It might seem like a scene out of a horror movie, but cases of “zombie deer disease” are springing up over the Midwest and a few specialists are cautioning it could represent a danger to people.
The ailment, which is really called chronic wasting disease, influences free-grazing deer, elk, and moose. The disease disintegrates the brain so the animal salivates and acts lethargic, in a sort of zombie-like state.
The Centers for Disease Control and Prevention says cases of chronic wasting disease have been reported at least 24 states, as well as two provinces in Canada.
The ailment is constantly fatal. It is thought to spread between animals through contact with contaminated body fluids and tissue.

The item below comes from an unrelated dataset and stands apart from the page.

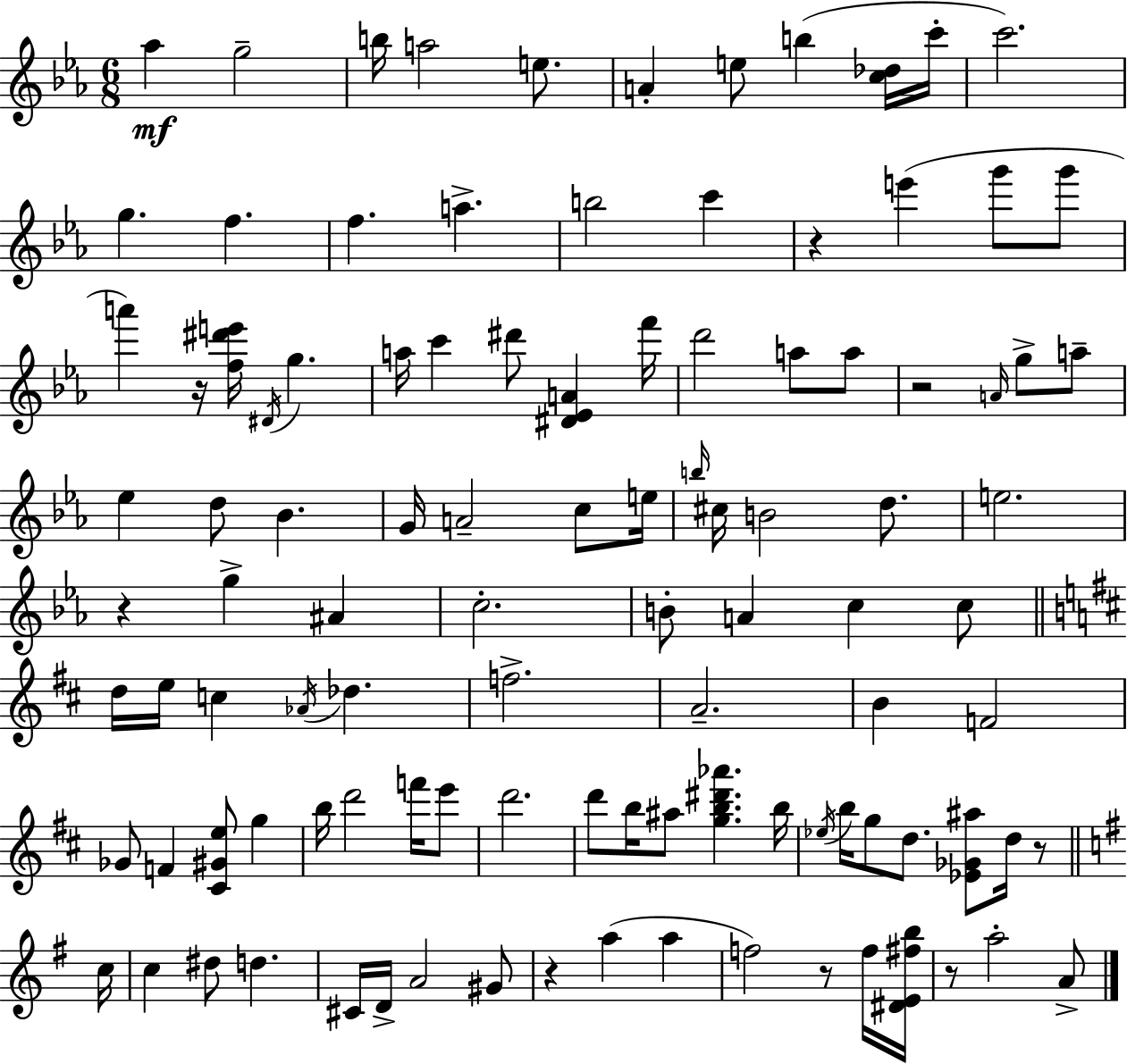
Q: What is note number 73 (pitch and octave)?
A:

It can likewise be transmitted by implication through natural exposures, for example, in tainted drinking water or food.
“It’s a disease that you can’t get rid of,” Dale Garner, wildlife chief for Iowa’s Division of Natural Resources, told CBS Chicago. “There’s no cure so far. So as long as you have deer on the landscape, and it continues to spread from animal to animal, you’ll probably have more.”

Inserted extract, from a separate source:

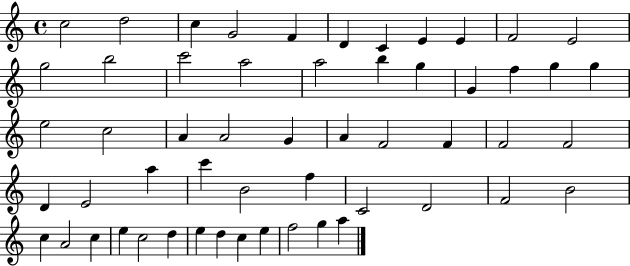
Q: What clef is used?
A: treble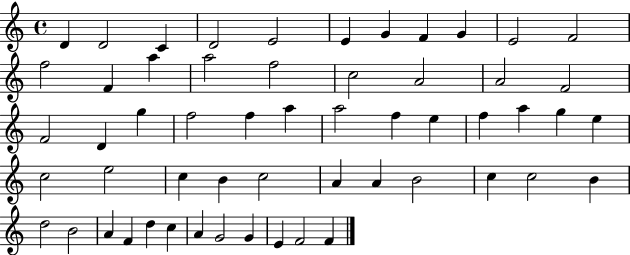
D4/q D4/h C4/q D4/h E4/h E4/q G4/q F4/q G4/q E4/h F4/h F5/h F4/q A5/q A5/h F5/h C5/h A4/h A4/h F4/h F4/h D4/q G5/q F5/h F5/q A5/q A5/h F5/q E5/q F5/q A5/q G5/q E5/q C5/h E5/h C5/q B4/q C5/h A4/q A4/q B4/h C5/q C5/h B4/q D5/h B4/h A4/q F4/q D5/q C5/q A4/q G4/h G4/q E4/q F4/h F4/q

To date, there have been no cases of chronic wasting disease, or CWD, in people. Notwithstanding, some experts have raised concerns that it could pose a threat to people.

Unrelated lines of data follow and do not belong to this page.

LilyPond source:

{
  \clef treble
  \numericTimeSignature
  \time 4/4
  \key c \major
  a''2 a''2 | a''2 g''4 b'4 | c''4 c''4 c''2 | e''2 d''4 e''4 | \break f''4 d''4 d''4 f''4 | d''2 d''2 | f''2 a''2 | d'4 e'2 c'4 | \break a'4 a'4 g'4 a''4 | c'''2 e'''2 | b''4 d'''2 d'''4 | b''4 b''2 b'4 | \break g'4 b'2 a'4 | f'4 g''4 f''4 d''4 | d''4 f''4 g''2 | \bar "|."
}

Michael Osterholm, the chief of the Center for Infectious Disease Research and Policy at the University of Minnesota, as of late cautioned that the idea of the disease is similar to mad cow disease, which can be transmitted from infected cows to people.
“It is my best professional judgment based on my public health experience… that it is probable that human cases of CWD associated with the consumption of contaminated meat will be documented in the years ahead. It is possible that number of human cases will be substantial and will not be isolated events,” he said, according to the Twin Cities Pioneer Press.
Like distraught dairy animals and Creutzfeldt-Jacob disease in humans, chronic wasting disease is believed to be caused by abnormal proteins called prions which multiply and cause damage to the brain and spinal cord.
To be as sheltered as would be possible and to decrease the potential risk of exposure to chronic wasting disease, the CDC prescribes that individuals not touch road kill and that hunters not shoot,, handle or eat meat from deer and elk that look debilitated or are acting strangely. Hunters should also wear gloves when dressing deer and should have the meat tested before eating it.